Post published:December 11, 2023
Post category:News & Events

INVITATION

Co-Curricular: How the continuum hypothesis is related to the solution of a question in complex analysis [Prof. Shameek Paul, RKMVERI]

Type: Co-Curricular – Other

Event Date: 07 Dec 2023

Venue: Math Dept

Campus: Belur Campus

Department: Mathematics

Dear all,

This is a gentle reminder to the next colloquium talk. Tomorrow, on 7th December at 5pm, Prof. Shameek Paul will talk about

"How the continuum hypothesis is related to the solution of a question in complex analysis".

As usual, the talk will take place in class room 402.

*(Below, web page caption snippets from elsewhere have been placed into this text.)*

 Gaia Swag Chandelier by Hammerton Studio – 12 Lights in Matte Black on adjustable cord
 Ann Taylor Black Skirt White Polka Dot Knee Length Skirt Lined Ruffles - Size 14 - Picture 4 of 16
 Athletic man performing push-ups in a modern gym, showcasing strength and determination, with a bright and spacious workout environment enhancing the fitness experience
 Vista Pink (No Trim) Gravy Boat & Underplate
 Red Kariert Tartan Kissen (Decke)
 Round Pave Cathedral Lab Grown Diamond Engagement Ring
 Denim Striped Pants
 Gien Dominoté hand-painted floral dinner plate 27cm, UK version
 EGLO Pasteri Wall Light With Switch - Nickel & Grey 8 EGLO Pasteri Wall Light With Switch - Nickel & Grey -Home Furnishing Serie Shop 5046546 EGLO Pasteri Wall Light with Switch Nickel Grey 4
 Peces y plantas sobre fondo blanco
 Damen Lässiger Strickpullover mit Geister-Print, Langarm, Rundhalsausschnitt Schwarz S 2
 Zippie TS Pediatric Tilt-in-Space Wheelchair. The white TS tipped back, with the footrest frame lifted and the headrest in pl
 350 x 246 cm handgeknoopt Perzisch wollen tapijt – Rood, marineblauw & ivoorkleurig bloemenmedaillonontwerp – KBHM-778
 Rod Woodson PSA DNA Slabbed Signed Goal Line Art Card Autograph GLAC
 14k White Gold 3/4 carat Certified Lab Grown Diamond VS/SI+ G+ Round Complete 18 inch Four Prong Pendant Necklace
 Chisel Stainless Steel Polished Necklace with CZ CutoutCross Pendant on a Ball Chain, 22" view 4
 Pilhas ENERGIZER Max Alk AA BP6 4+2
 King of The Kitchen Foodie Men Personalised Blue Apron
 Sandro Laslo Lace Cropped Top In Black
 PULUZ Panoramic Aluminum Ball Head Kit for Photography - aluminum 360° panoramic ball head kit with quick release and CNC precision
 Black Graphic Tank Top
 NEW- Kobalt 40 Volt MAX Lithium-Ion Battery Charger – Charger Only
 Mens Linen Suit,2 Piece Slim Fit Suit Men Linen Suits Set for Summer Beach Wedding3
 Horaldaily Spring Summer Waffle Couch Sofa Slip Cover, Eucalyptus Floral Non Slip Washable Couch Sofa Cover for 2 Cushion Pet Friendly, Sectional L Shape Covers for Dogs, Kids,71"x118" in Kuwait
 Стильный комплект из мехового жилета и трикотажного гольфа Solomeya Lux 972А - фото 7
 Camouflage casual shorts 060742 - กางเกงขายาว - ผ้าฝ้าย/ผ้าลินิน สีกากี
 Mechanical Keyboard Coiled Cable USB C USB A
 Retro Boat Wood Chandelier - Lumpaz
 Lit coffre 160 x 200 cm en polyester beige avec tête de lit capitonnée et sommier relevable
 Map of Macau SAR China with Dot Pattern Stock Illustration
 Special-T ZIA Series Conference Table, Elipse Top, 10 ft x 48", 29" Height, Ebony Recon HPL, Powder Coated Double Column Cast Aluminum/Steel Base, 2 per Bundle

The following talk will be by Prof. Sagnik Chakraborty on Wednesday, 13th December at 5pm. An abstract and title will be given soon. Below is the abstract for tomorrow's talk by Prof. Shameek Paul.

Best wishes,

Stephan

Abstract: The continuum hypothesis states that every uncountable subset of $\mathbb{R}$ is in bijection with $\mathbb{R}$ . The following question was asked by Wetzel and its surprising answer was provided by Paul Erdos. https://en.wikipedia.org/wiki/Wetzel%27s_problem If $\mathcal S$ is a set of entire functions such that for every $z\in \mathbb{C}$ the set $\{f(z):f\in\mathcal S\}$ is countable, then can we say that $\mathcal S$ is countable? Although the converse of this statement is easily seen to be true, the answer to this question depends on the continuum hypothesis. We will assume the result that if the continuum hypothesis holds, then there exists a well-ordering on $\mathbb{C}$ such that for every $a\in \mathbb{C}$ the set $\{z\in \mathbb{C}:z<a\}$ is countable.